Programming is an art, craft, and science that revolve around languages, techniques, coding styles, software architectures, bugs, and a lot more. With so much to know and so much to do in so many ways, programmer keeps dwelling into the world of bits and bytes and higher constructed types through learning attained from academic training, professional experience, and wisdom of the people of experience. This ranges from code-focused advice to culture, from algorithm usage to agile thinking, from implementation know-how to professionalism, from style to substance. Let’s have a look at some of the wisdom pearls shared by experts and collected through thorough research about things every programmer should know.
1. Apply Functional Programming Principles (Wisdom pearls by Edward Garson)
Mastery of the functional programming paradigm can greatly improve the quality of the code you write in other contexts. If you deeply understand and apply the functional paradigm, your designs will exhibit a much higher degree of referential transparency.
Referential transparency is a very desirable property: it implies that functions consistently yield the same results given the same input, irrespective of where and when they are invoked. A leading cause of defects in imperative code is attributable to mutable variables. Visibility semantics can help to mitigate these insidious defects, or at least to drastically narrow down their location, but their true culprit may in fact be the providence of designs that employ inordinate mutability.
2. Ask What Would the User Do? You Are Not the User (Wisdom pearls by Giles Colborne)
We all tend to assume that other people think like us. But they don’t. Psychologists call this false consensus bias. This bias explains why programmers have such a hard time putting themselves in the users’ position. Users don’t think like programmers. For a start, they spend much less time using computers. They don’t recognize the patterns and cues programmers use to work with through, and around an interface. You’ll also find that there’s a gap between what users say they want and what they actually do. That’s worrying, as the normal way of gathering user requirements is to ask them. It’s why the best way to capture requirements is to watch users. Spending an hour watching users is more informative than spending a day guessing what they want.

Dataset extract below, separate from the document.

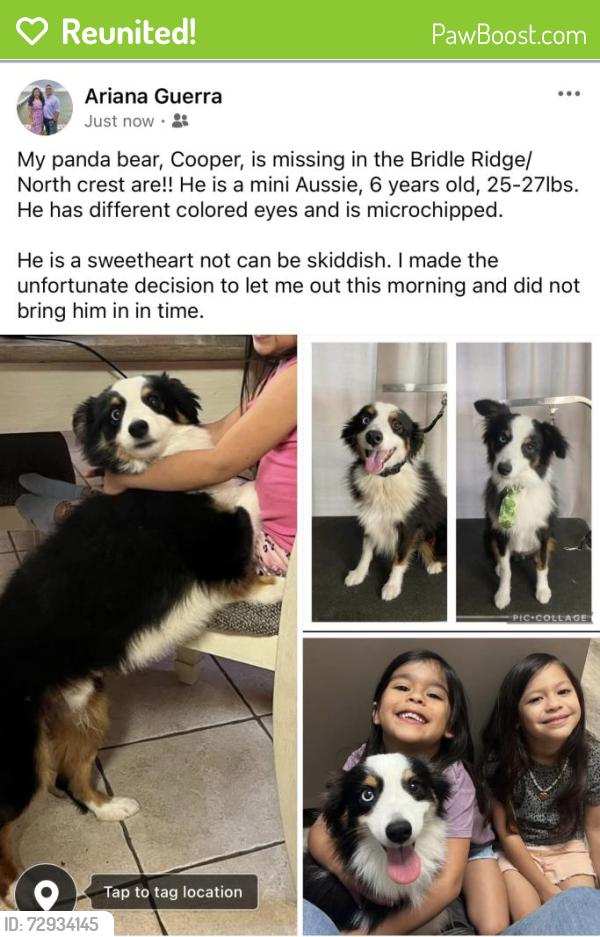 Reunited Male Dog last seen Bridle Ridge/Northcrest, Victoria, TX 77904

3. Automate Your Coding Standard (Wisdom pearls by Filip van Laenan)
Well-formatted code doesn’t earn you points with a customer that wants more functionality. Furthermore, following a coding standard can be quite a boring task if it isn’t automated. Just try to indent a messy class by hand to find out for yourself. There exists a wealth of tools that can be used to produce code quality reports and to document and maintain the coding standard, but that isn’t the whole solution. It should be automated and enforced where possible. Here are a few examples:
- Make sure code formatting is part of the build process, so that everybody runs it automatically every time they compile the code.
- Use static code analysis tools to scan the code for unwanted anti-patterns. If any are found, break the build.

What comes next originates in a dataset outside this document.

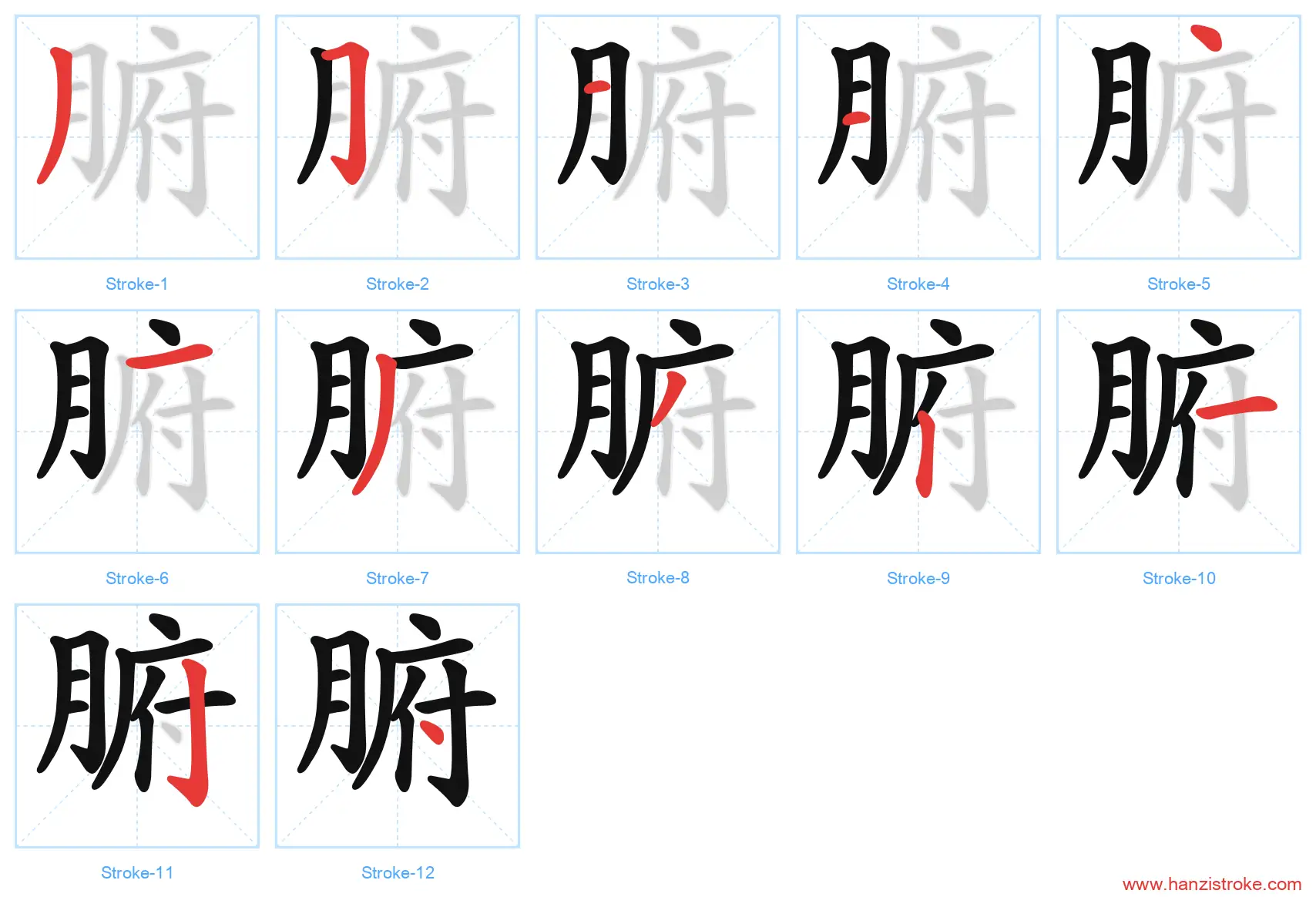腑 stroke order diagram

- Learn to configure those tools so that you can scan for your own, project-specific anti-patterns.
- Do not only measure test coverage but automatically check the results, too. Again, break the build if test coverage is too low.
4. Beauty is in Simplicity (Wisdom pearls by Jorn Olmheim)
Beautiful code is simple code. Each individual part is kept simple with simple responsibilities and simple relationships with the other parts of the system. This is the way we can keep our systems maintainable over time, with clean, simple, testable code, ensuring a high speed of development throughout the lifetime of the system.
5. Choose Your Tools With Care (Wisdom pearls by Giovanni Asproni)
Choosing the right mix of tools for your application can be a tricky business requiring some thought. In fact, when making a choice, you should keep in mind a few things:
- Different tools have different lifecycles, and upgrading one of them may become an extremely difficult and time-consuming task since the new functionality, design changes, or even bug fixes may cause incompatibilities with the other tools. The greater the number of tools, the worse the problem can become.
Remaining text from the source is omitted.